TASK DIRECTIONS:
Below is a listing to write out in full, exactly as given, without its pictures.

INPUT DATA:
——
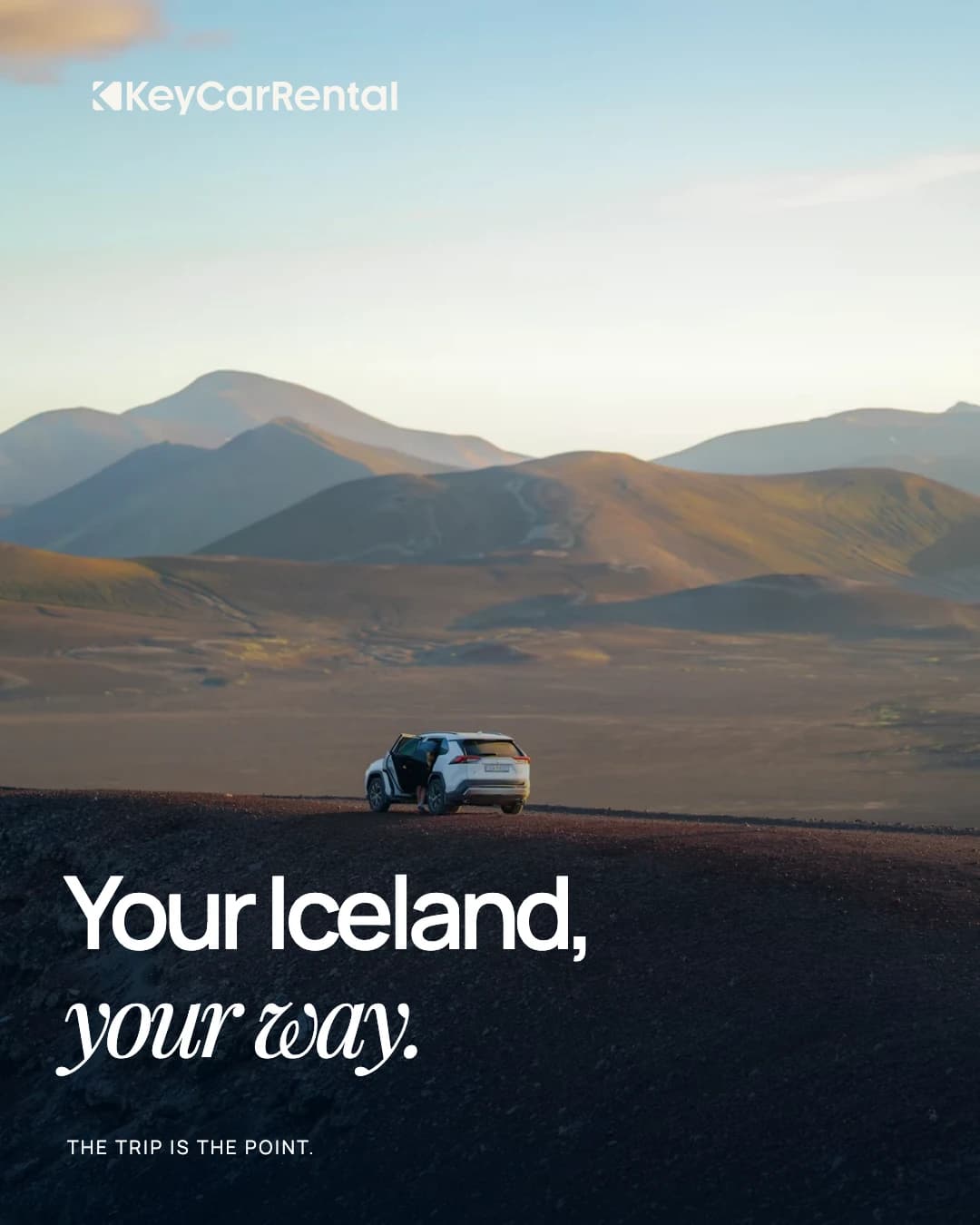 Key social design with a car among Icelandic hills and Your Iceland, your way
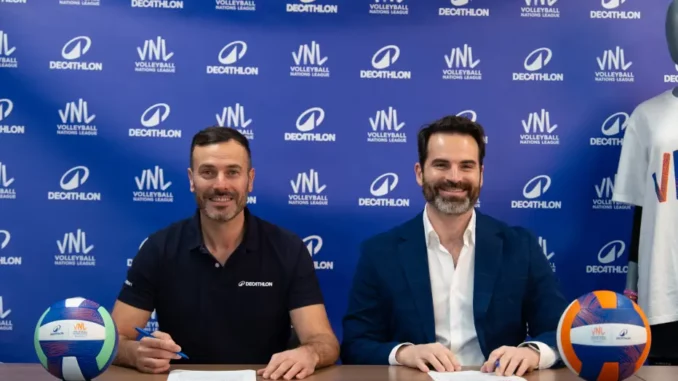 Partenariat Volleyball World Decathlon VNL autour du merchandising officiel du volley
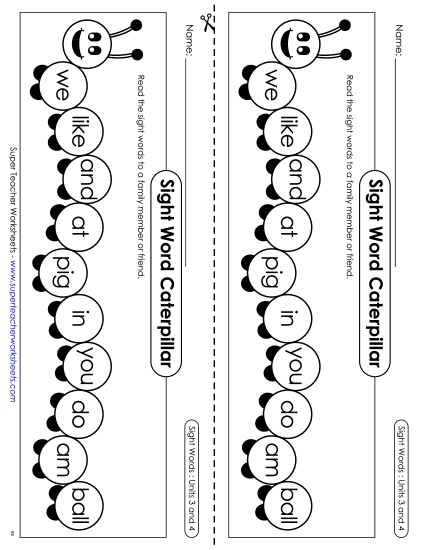 Worksheets - Sight Word Caterpillar: Units 3 and 4 (Printable PDF Worksheet)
——
YOUR RESPONSE:
 Key social design with a car among Icelandic hills and Your Iceland, your way
 Partenariat Volleyball World Decathlon VNL autour du merchandising officiel du volley
 Worksheets - Sight Word Caterpillar: Units 3 and 4 (Printable PDF Worksheet)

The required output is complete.